Al comparar el voto del 25-N con la univocidad atribuida a la manifestación del 11-S, resulta que la insatisfacción generada por el factor económico superaba el contenido identitario. Mas ha pagado en votos su improvisación electoral y la irresponsabilidad de atribuir a una insatisfacción económica y social la unanimidad de una ilusión inconcreta. La presunta intuición electoralista devino turbación polarizadora. No conecta con el catalanismo más clásico y capaz de transacciones. Creyó políticamente provechoso ponerse al frente de una catarsis colectiva cuyo impulso, tal vez de menor arraigo del que se le supone, achacaba los efectos erosivos de la crisis económica al Gobierno de España y parecía ignorar los recortes efectuados por la Generalitat. Afortunadamente, ahora recupera espacio la evidencia de que hay distintas maneras legítimas de defender los intereses de la sociedad catalana. El bloqueo mediático instrumentado por CiU está dejando de ser efectivo. El recuento del 25-N es indicativo de una sociedad abierta a su propio futuro, con los temores e incertidumbres propios de una gran crisis económica.
Aunque deje posos de confrontación emotiva, todo pudiera ser algo episódico. También queda denunciada la falacia de que a partir de la manifestación del 11-S la legitimidad democrática estaba en la calle y por eso la legalidad ya era obsoleta. En general, las clases medias aprecian la reforma bien explicada pero castigan la aventura sin argumentación y con garantías inciertas. En la jornada electoral del 25 hubo redistribución del voto independentista y al mismo tiempo había calado una incertidumbre ante la independencia si no quedaba garantizada la permanencia en la Unión Europa. Constituiría una gran paradoja que, después de tantas reafirmaciones del europeísmo de Cataluña, a veces incluso como más europea que el conjunto de España, Cataluña acabase en un limbo, en la antesala de la Unión Europea, lo que exigiría presentar un sistema legal contrastable y unos índices económicos que son sine qua non en la integración europea. Incluso si con una alianza entre CiU y ERC se llegase a un referéndum —legal y pactado, por supuesto— con suficiente mayoría a favor de la independencia, Cataluña no iba a ser el próximo Estado europeo. La lista de optantes es larga y el coste de la espera sería elevado sobre todo después de haber sido parte de la Unión Europea desde el ingreso de España, con todas las ventajas que eso implicó e implica, algo que pertenece a un pasado común.

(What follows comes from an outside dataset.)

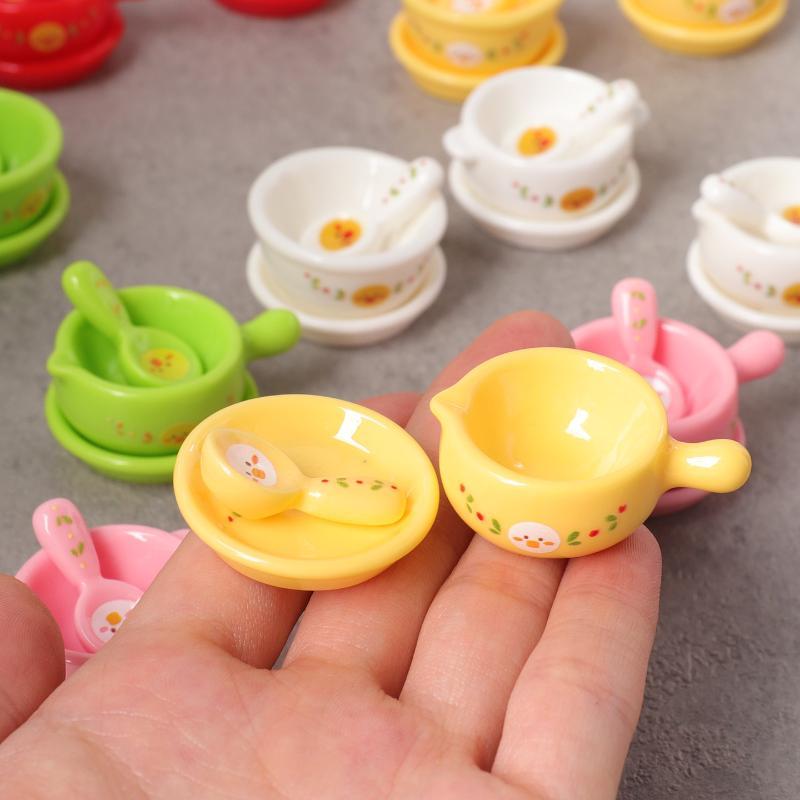 3Pcs 1/12 Dollhouse Mini Instant Noodles Bowl Plates Dishes Model Simulation Kitchen Decoration Doll House Pretend Play Toys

A 100 años del nacimiento del filósofo Josep Ferrater Mora (1912-1991), recordamos que en Tres mundos: Cataluña, España, Europa (1963) entiende que el catalanismo crea que Cataluña “ha podido ser” pero “no ha sido”, una insatisfacción que revela algo de la propia realidad, pero sin que “romper los lazos” equivalga todavía a “los lazos están rotos”. Lo decía mucho antes de la muerte de Franco, de la Corona como motor del cambio, de la Transición y la Constitución, antes del retorno de Tarradellas y del primer Estatut que aportó a la Generalitat competencias que padres tan conspicuos del catalanismo político como Valentí Almirall o Prat de la Riba nunca hubiesen imaginado. Hablaba también de una inquietud de España, porque el Estado funciona “sobre un cuerpo orgánico donde han estado y están latiendo pulsos a muy distintos ritmos”. Pero no veía tal inquietud como una catástrofe: “Si se aprovecha como es debido, puede dar lugar a una fecunda simultaneidad que solo en apariencia es paradójica: la simultaneidad en el funcionamiento de la diversidad”. No era otro el afán de la Constitución de 1978. Por el contrario, la aventura del nacionalismo mágico inventado por Artur Mas para surfear en la ola emocionalista ha acabado en un fiasco electoral y cediendo espacio electoral a Esquerra Republicana. El ilusionismo instrumentado para lograr tanta confusión tiene muy poco mérito político. Es otra cosa. Sea como sea, persiste un noble argumento: más Cataluña, más España y más Europa. Todo lo contrario de una suma cero.
Valentí Puig es escritor.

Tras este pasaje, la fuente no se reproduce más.